ピーナッツくんはこの先10年でも20年でも今と同じ生活を続けていそうだが、ぽんぽこはそういう訳にいかない。結婚を経て子育ての期間に入れば、とても今と同じ仕事量はこなせなくなる。ぽんぽこの頑張りこそがユニットの強みであるのに、それが機能しない5年~10年が、早ければ数年以内に訪れるのだ。

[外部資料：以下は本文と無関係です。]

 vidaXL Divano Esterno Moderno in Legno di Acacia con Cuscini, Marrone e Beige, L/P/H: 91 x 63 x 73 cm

ぽこピーは十分に売れた今も、地元である滋賀に住み続けている。
地元の売りをモチーフにキャラクターを組み立てたり、地元の名所や名産品を紹介する動画を度々作る事、さらに自分達をゆるキャラ化しようとする活動方針を見ても、地元を代表する、ご当地タレントのような位置を狙って活動している事が分かる。
ご当地タレントやゆるキャラには、老若男女に受け入れられるクリーンさや、優しく丸みのあるキャラクターが求められる。ぽこピーはどちらも若さを売りにしておらず、例えば借金があるだとか下ネタだとか、そういった毒のある設定やネタも使用しない事から長期的に活動を続けてさえいれば、滋賀、若しくは関西のご当地キャラクターぐらいの位置は簡単に狙えそうである。
しかしそれは長期的に安定した活動を続けて知名度を上げる事が出来ればの話で、ぽんぽこの手が塞がると同時にユニットの勢いが落ちるようでは到底無理な話だ。何度も言うがユニットが勢いに乗ってぽんぽこが活動のほとんどを一人でこなしてくれている内に、手隙きになったピーナッツくんが屋台骨の補強を行うべきなのだ。
ぽんぽこがある日突然倒れても代わりが務まるような、花形の3Dモデルを被せても遜色ないキャラクターでぽんぽこと似通った趣味嗜好を持ち、編集やコラボのセッティングも担えるような、出来れば地元滋賀在住でピーナッツくんとも相性のいい女性を、まずは雇い入れなければならない。その体制を作らず先々まで安定した活動を続けると言うのは、どう考えても無理な話だ。
近場にいるおめシスが調子を崩している事と自分達の未来を重ね合わせる視点を早く持って欲しいのだが、ピーナッツくんは賢いようで割と抜けているので、下手をすれば未来永劫思い至らなさそうで怖い。


【 ガチ恋ウィーク 】
 ところで2021年末に行われた連続企画、「ガチ恋ウィーク」はかなり出来が悪かったと思うのだが、いかがだろうか。せいぜい一ヶ月前に思い立ち、突貫工事で各動画を作った事が透けて見えるようで、練りの甘い企画にバラエティ向きではないゲスト、展開も落ちもない仕上がりの動画が目立ったと思うのだが、どうだろうか。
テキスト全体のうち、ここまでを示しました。